Comunque anche stavolta il Ministro sbaglia i calcoli: uno che ha 40 anni di servizio oggi deve avere cominciato ad insegnare almeno nel 1969. Ma per lo più quella generazione si porta dietro anni di precariato ( erano mediamente 4 tra gli immessi in ruolo del 1978, 6 tra quelli del 1982-84 e 8 tra quelli del 1991: tra i precari di oggi sono incalcolabili!) e questi anni di precariato hanno per lo più versamenti all’INPS che vengono ricongiunti e calcolati solo se lo richiede l’interessato. In aggiunta o in alternativa tutti o quasi tutti gli insegnanti delle scuole medie e secondarie superiori raggiungono i 40 anni grazie al calcolo degli anni di università, ma anche per questi bisogna chiedere riscatto e calcolo. In molti casi queste operazioni ( è il caso di Milano) vengono persino fatte solo al momento della pensione.
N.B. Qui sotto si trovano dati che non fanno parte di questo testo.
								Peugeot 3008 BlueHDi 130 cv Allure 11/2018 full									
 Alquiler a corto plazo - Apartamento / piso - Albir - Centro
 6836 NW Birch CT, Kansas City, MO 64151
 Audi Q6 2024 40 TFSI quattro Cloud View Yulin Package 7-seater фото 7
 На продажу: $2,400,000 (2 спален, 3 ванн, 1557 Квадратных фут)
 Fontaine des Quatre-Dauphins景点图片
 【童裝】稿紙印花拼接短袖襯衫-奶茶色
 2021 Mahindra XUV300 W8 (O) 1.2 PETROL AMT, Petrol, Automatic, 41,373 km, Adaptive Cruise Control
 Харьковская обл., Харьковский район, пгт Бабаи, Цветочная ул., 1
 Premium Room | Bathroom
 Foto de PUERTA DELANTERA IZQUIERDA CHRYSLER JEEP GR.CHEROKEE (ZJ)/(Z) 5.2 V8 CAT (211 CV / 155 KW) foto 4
Quindi in realtà l’anzianità ufficiale di cui può disporre il Ministro riguarda oggi ed a maggior ragione nei prossimi anni solo alcuni ultrasessantacinquenni e una minoranza di docenti, per lo più diplomati, che hanno avuto la fortuna di vincere un concorso all’indomani del loro diploma e non hanno anni di precariato alle spalle. Il grosso di quelli che andranno via lo faranno di loro volontà con le ricongiunzioni e i riscatti del caso, spinti più facilmente dall’insostenibilità dello sfascio che le misure tremontesche stanno producendo nella scuola che dai diktat sul pensionamento di Gelmini.

Ma non fa un po’ ridere questa gente che a parole dice voler far incontrare offerta e domanda, (sentita appena pochi giorni fa alla presentazione di una ricerca della Fondazione Agnelli per giustificare al posto delle graduatorie albi professionali dove i capi di istituto possano “pescare” ad libitum), che prima vuole alzare la pensione a tutti e taglia i prepensionamenti e poi cerca di obbligare ad andare in pensione? Lo dicano apertamente: così come vogliono assumere e licenziare chi pare a loro, vogliono mandare in pensione chi pare a loro e tenere chi pare a loro!

Con loro lavoro e pensioni cessano di essere diritti ma diventano concessioni, premi, punizioni.

E’ per questo che vogliono cambiare la Costituzione.